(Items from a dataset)
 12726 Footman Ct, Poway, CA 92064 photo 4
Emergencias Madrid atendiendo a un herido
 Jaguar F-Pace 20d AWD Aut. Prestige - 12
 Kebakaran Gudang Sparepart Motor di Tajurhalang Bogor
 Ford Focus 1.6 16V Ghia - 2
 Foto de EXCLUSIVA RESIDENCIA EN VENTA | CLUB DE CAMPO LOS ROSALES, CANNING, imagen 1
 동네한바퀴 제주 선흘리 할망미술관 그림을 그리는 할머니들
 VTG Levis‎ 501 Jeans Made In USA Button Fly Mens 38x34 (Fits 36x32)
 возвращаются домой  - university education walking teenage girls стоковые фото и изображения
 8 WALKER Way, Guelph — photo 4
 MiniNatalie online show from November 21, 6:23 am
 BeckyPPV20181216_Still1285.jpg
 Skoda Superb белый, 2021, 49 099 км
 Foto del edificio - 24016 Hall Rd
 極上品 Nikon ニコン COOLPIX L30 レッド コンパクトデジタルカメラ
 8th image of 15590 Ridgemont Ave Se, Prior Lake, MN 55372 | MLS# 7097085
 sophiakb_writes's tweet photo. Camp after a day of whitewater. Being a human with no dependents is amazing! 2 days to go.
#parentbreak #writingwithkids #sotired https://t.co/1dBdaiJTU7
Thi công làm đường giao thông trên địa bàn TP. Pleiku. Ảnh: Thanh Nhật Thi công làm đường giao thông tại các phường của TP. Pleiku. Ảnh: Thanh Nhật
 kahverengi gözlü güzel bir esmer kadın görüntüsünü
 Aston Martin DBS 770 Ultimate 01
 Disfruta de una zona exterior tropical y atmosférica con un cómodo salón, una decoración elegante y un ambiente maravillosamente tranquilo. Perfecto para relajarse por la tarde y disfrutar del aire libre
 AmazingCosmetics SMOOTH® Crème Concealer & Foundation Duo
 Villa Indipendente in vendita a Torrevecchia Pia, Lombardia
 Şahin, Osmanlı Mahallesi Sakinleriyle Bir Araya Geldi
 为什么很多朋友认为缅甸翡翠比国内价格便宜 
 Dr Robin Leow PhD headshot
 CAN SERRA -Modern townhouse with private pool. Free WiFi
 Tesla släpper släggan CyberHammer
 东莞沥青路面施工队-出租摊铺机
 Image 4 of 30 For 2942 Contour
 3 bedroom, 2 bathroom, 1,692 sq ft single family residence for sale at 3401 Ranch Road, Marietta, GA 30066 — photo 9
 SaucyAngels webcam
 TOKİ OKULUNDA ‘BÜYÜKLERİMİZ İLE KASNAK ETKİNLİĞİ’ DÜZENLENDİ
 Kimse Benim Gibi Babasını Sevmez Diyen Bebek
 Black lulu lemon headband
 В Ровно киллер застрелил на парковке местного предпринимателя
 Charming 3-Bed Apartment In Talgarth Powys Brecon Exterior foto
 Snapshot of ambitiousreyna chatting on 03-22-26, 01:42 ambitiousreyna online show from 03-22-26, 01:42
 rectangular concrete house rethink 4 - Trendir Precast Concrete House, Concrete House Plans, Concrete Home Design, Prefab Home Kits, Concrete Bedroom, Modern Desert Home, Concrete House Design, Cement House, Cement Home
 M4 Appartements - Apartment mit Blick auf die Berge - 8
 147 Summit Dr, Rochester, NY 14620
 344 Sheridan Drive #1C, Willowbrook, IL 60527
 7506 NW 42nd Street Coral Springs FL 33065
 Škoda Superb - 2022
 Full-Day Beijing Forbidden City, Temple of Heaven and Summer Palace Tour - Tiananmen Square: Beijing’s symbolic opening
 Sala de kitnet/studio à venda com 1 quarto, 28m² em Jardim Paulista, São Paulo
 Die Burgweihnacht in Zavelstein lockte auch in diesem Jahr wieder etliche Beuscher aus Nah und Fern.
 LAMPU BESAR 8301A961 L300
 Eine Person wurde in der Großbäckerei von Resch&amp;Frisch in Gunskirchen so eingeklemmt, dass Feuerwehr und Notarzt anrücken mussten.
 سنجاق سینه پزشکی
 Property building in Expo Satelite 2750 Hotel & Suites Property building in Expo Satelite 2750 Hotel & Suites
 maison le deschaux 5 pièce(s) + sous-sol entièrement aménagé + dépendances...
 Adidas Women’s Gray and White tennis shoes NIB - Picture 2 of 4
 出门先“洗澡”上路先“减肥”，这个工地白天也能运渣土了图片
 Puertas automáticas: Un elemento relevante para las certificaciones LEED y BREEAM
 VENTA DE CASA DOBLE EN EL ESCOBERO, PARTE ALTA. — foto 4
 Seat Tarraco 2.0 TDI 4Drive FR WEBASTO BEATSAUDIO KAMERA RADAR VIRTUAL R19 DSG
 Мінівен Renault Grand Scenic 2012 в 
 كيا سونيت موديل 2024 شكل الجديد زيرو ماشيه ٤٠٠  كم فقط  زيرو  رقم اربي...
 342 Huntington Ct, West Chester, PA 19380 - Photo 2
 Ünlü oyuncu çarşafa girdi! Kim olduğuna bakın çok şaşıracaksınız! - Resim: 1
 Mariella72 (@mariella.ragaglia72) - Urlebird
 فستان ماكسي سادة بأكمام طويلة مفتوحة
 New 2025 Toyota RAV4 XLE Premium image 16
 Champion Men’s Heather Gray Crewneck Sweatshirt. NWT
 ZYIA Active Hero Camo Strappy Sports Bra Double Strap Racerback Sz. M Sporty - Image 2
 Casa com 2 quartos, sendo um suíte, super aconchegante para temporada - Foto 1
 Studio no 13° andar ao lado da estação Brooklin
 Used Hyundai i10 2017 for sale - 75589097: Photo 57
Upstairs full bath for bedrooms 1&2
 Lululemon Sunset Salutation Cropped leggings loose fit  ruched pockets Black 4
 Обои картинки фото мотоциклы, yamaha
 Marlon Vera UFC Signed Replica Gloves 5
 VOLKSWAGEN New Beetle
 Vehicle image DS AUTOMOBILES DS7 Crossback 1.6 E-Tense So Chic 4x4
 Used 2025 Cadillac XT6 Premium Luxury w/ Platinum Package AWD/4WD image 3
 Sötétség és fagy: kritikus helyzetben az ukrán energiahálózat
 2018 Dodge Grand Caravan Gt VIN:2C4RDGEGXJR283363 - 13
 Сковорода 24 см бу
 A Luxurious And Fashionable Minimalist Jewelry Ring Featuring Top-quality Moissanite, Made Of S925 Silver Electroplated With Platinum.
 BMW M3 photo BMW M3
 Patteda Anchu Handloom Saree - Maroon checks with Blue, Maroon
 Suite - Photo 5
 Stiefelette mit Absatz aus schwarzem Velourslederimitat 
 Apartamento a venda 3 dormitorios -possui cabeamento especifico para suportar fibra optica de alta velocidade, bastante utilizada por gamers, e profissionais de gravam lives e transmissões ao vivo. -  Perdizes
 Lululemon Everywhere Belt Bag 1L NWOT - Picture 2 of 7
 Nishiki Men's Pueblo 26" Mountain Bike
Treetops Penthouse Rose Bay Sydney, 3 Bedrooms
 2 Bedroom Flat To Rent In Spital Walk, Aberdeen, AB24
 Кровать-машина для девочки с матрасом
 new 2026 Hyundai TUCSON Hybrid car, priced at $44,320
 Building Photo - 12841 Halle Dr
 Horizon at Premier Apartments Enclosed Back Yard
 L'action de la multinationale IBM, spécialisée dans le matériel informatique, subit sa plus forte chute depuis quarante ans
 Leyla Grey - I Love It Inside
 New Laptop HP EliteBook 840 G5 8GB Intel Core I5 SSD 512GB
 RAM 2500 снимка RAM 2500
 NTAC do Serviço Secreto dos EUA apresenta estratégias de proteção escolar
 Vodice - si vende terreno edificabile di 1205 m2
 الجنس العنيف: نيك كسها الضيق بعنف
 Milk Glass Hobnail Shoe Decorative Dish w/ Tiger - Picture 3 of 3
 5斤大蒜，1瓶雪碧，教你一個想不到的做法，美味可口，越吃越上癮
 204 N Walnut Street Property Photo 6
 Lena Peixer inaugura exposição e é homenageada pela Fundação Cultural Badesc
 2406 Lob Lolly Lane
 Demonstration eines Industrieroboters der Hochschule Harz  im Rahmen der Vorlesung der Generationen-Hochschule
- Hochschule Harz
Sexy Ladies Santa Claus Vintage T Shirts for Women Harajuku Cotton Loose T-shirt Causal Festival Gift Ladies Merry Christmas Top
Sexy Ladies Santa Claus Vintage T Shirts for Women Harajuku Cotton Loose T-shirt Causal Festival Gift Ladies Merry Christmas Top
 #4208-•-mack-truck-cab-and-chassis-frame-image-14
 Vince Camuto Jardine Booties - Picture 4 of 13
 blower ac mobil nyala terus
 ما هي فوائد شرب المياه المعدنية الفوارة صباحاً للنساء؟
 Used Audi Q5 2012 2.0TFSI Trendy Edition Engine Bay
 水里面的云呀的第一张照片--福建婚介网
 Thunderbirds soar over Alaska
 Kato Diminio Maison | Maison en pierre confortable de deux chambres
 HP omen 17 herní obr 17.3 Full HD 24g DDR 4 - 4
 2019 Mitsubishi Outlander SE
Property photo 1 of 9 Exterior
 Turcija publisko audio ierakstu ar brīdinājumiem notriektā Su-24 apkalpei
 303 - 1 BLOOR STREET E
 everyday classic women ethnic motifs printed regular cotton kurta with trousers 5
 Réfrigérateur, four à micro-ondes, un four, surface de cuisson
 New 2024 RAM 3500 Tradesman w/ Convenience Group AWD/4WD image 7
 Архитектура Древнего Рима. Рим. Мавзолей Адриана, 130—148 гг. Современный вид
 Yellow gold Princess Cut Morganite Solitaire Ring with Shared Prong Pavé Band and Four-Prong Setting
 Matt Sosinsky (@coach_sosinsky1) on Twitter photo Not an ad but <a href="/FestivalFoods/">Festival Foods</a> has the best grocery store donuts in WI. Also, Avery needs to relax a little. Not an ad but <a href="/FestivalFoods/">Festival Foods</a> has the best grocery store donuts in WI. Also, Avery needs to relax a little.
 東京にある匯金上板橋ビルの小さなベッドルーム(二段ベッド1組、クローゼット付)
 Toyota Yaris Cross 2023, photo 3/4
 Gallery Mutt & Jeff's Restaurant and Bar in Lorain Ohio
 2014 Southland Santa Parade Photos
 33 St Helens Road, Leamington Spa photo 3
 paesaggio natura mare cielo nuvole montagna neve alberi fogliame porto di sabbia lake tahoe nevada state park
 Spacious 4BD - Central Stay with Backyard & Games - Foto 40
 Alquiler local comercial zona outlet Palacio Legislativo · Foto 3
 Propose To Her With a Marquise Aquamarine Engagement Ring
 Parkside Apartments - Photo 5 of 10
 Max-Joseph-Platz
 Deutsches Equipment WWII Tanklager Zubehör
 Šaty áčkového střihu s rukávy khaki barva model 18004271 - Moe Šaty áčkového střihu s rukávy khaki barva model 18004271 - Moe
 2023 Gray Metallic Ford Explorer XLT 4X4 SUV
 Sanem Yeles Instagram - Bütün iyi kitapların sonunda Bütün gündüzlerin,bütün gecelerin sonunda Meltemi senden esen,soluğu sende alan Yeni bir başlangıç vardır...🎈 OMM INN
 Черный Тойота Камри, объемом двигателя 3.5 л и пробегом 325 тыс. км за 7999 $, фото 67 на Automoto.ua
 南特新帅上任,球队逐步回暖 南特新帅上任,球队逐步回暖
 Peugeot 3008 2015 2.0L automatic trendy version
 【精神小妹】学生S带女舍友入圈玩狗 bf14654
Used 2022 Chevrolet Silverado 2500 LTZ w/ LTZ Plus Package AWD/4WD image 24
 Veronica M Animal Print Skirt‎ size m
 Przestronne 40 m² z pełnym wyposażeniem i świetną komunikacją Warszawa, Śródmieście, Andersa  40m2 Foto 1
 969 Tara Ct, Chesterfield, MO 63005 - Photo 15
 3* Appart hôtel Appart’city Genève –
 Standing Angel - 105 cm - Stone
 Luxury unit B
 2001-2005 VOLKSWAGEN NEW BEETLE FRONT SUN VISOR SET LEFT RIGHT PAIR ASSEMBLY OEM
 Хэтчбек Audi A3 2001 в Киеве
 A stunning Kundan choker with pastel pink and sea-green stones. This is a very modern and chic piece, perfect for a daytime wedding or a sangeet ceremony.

§ TASK DIRECTIONS: Give again, exactly as written, every line from the first one above through the line that has "Skoda Superb белый, 2021, 49 099 км" in it.

§ ANSWER:
 12726 Footman Ct, Poway, CA 92064 photo 4
Emergencias Madrid atendiendo a un herido
 Jaguar F-Pace 20d AWD Aut. Prestige - 12
 Kebakaran Gudang Sparepart Motor di Tajurhalang Bogor
 Ford Focus 1.6 16V Ghia - 2
 Foto de EXCLUSIVA RESIDENCIA EN VENTA | CLUB DE CAMPO LOS ROSALES, CANNING, imagen 1
 동네한바퀴 제주 선흘리 할망미술관 그림을 그리는 할머니들
 VTG Levis‎ 501 Jeans Made In USA Button Fly Mens 38x34 (Fits 36x32)
 возвращаются домой  - university education walking teenage girls стоковые фото и изображения
 8 WALKER Way, Guelph — photo 4
 MiniNatalie online show from November 21, 6:23 am
 BeckyPPV20181216_Still1285.jpg
 Skoda Superb белый, 2021, 49 099 км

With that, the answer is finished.